Novel Electrolytes for High-Voltage Spinel LiNi0.5Mn1.5O4 Cathode Material

Wednesday, 27 May 2015
Salon C (Hilton Chicago)


Lithium ion batteries are widely used for portable electronics and are currently being incorporated into electric vehicles due to the high gravimetric and volumetric energy density. However, cost, safety, cycle and calendar life, energy, and power density are some of the major obstacles to the widespread use of lithium-ion batteries for vehicle applications. Among these problems, energy and power density are some of the most significant. To achieve higher energy and power density, many efforts have been addressed to improve the specific capacity and discharge voltage of the cathode materials. For example, cathode materials which could transport two Li ions such as Li2FeSiO4 and Li2FePO4F have been proposed and investigated as a high capacity cathode material, in which two electrons-exchange are involved upon charge-discharge process thus offering higher capacity, 323 and 292 mAh g-1, respectively. Another effective way to improve the energy density of lithium ion batteries is to expand the operating potential of the cathode material. Most commercial lithium ion batteries contain layered lithium transition metal oxide such as LiCoO2 or LiNi1/3Mn1/3Co1/3O2 which typically operates at approximately 4.1 V vs. Li/Li+. Cathode materials with an operating potential over 4.5 V (vs Li/Li+) have been developed, including LiMnPO4, LiNiPO4 and LiCoPO4, and LiNi0.5Mn1.5O4. Among these promising new cathodes, LiNi0.5Mn1.5O4 has attracted much attention in recent years because of the high intercalation/deintercalaition potential of 4.8 (vs. Li/Li+) and excellent rate performance.  However, a major difficulty in using these high-voltage materials is the instability of the standard electrolyte, LiPF6, in organic carbonate solvents, in contact with the cathode surface at operating potentials over 4.5 V.

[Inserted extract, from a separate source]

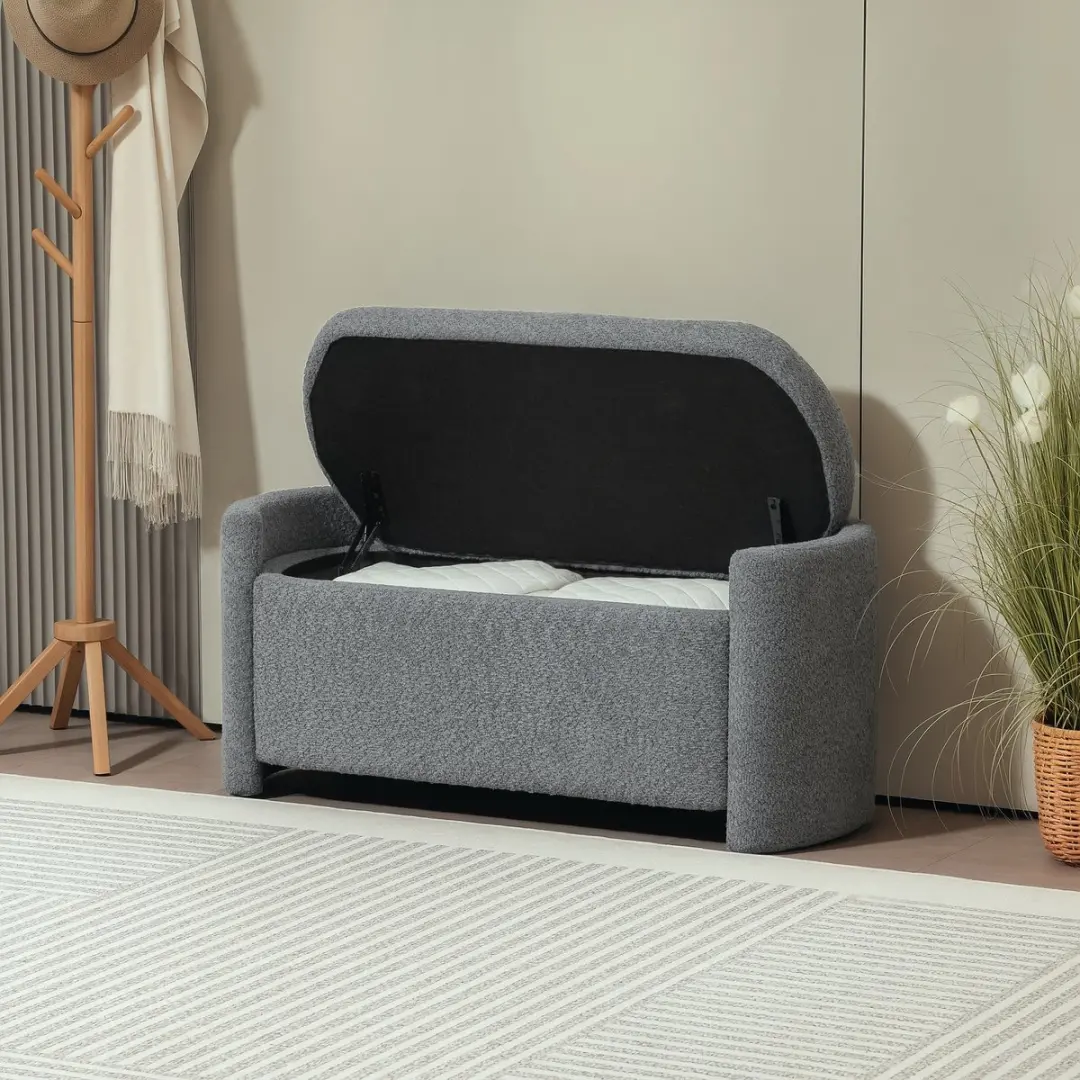 Homcom Sitzbank met opbergruimte 105x44x45,5cm - Grijs - afbeelding 3 van 6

       Various methods have been proposed to inhibit the detrimental reactions on high voltage cathode materials. One of them is adopting inert surface coatings, such as Al2O3, ZnO, and Bi2O3 to prevent the oxidation of the electrolyte. Surface coated cathodes have cyclability superior to that of uncoated material; however, the surface coating method has a negative effect on the discharge capacity of the material and may be difficult to scale for commercial applications. Since the oxidative stability of current LiPF6/carbonate electrolyte is considered to be limited by the oxidative stability of the organic solvents, there has been significant interest in development of novel organic solvents with high anodic stability. Sulfone, lactone, organic nitriles, and fluorinated carbonates were reported to be stable over 5 V (vs. Li/Li+), but most of them have high viscosity or do not favor the formation of a protective solid electrolyte interface (SEI) on graphite anode.  Alternatively, there have been several investigations of the incorporation of cathode film forming additives which are sacrificially oxidized on the cathode surface to generate a cathode passivation layer similar in nature to the anode SEI.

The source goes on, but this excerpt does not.